Genocídio no Ruanda: Justiça continua a tardar
20 de maio de 2020Mais de 25 anos depois do genocídio no Ruanda, Félicien Kabuga, um dos principais acusados procurados pela justiça internacional, foi detido nos arredores de Paris, a 16 de maio. O empresário de 85 anos vivia com uma identidade falsa e estava em fuga há mais de duas décadas. É tido como um dos financiadores do genocídio e era considerado um dos homens mais procurados do mundo.
"Kabuga é claramente um dos principais organizadores do massacre”, diz o jornalista Fred Muvunyi, da redação africana da DW. Também um residente da cidade natal de Kabuga, Muniga, acredita que o empresário foi um dos grandes organizadores do genocído: "Foi ele que fundou a emissora RTLM (Radio-Télévision Libre des Mille Colines), na altura, que despertou o ódio entre os grupos étnicos Hutu e Tutsi. Importou e distribuiu machetes em massa, massacrando centenas de milhares de ruandeses”, afirma o ruandês, que pediu o anonimato. "Estamos satisfeitos por Kabuga ter sido detido. Gostaríamos que fosse extraditado para o Ruanda e julgado lá”, acrescenta.

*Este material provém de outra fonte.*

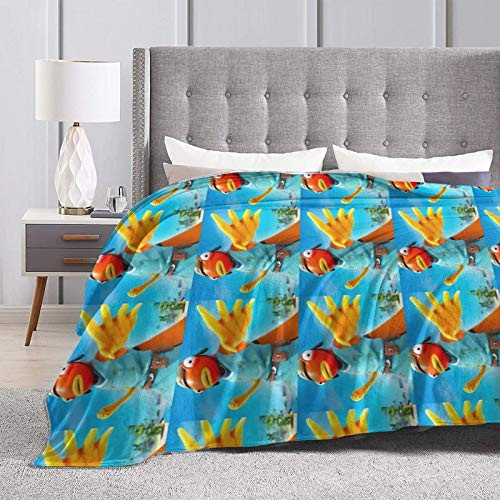Eollxc Super-Soft Tiko Merch Comfortable Throw Blankets for Four Seasons Lightweight Warm Blankets Suitable for Sofa Blankets for Adults and Children Bed Blankets 50 inch X40 Eollxc Super-Soft Tiko Merch Comfortable Throw Blankets for Four Seasons Lightweight Warm Blankets Suitable for Sofa Blankets for Adults and Children Bed Blankets 50 inch X40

O Governo ruandês quer julgar Kabuga em Kigali, confirma o ministro da Justiça Johnston Busingye. O mais importante, para já, é o facto de ter sido detido pela polícia francesa: "Segundo as nossas informações, Kabuga viajou livremente por vários países da Europa nos últimos 25 anos, apesar de um mandado de captura internacional. Não foi detido em nenhum dos países. Apelamos a todos os países que escondem suspeitos para que prendam estas pessoas, como a França fez, finalmente, para que possamos levá-las à Justiça”.
Qual é o tribunal competente?
Muito provavelmente, Kabuga não será extraditado para o Ruanda, devendo responder perante o MICT – Mecanismo Internacional Residual para Tribunais Penais, tribunal de direitos humanos das Nações Unidas, explica o jornalista Fred Muvunyi. O MICT é o sucessor do Tribunal da ONU para o genocídio do Ruanda (ICTR), dissolvido há cinco anos.
"Ainda não é claro se o julgamento de Kabuga terá lugar em Haia, na Holanda, na sede do MICT, ou na sede africana em Arusha, na Tanzânia”, diz o jornalista, lembrando que seria, no entanto, mais fácil convocar testemunhas ruandesas para a vizinha Tanzânia do que para os Países Baixos.
Também Filip Reyntjens, professor de Ciência Política na Universidade de Antuérpia e especialista no Ruanda espera um "mega-processo” no MICT em Arusha: "Este processo vai trazer novas perspectivas históricas. Afinal, Kabuga não é uma personagem qualquer, mas sim uma das principais”.
É precisamente por estas pessoas que organizaram, apoiaram ou executaram o genocídio no Ruanda que o MICT – segundo o protocolo da ONU – é responsável, frisa Fred Muvunyi: "O tribunal das Nações Unidas julga as principais figuras do Governo ou do mundo empresarial, as pessoas consideradas ‘peixe graúdo'”, como Augustin Bizimana, ministro da Defesa durante o genocídio, e Protais Mpiranya, na altura, chefe da segurança do Presidente.
Milhares de suspeitos de crimes de guerra em fuga
De acordo com o Governo ruandês, sete grandes responsáveis pelo genocídio continuam em liberdade, incluindo Bizimana e Mpiranya. Além disso, há milhares de outros suspeitos menos conhecidos em fuga no estrangeiro. O Ministério Público do Ruanda emitiu nas últimas décadas mais de 1.100 mandados de detenção para responsáveis pelo genocídio em 33 países.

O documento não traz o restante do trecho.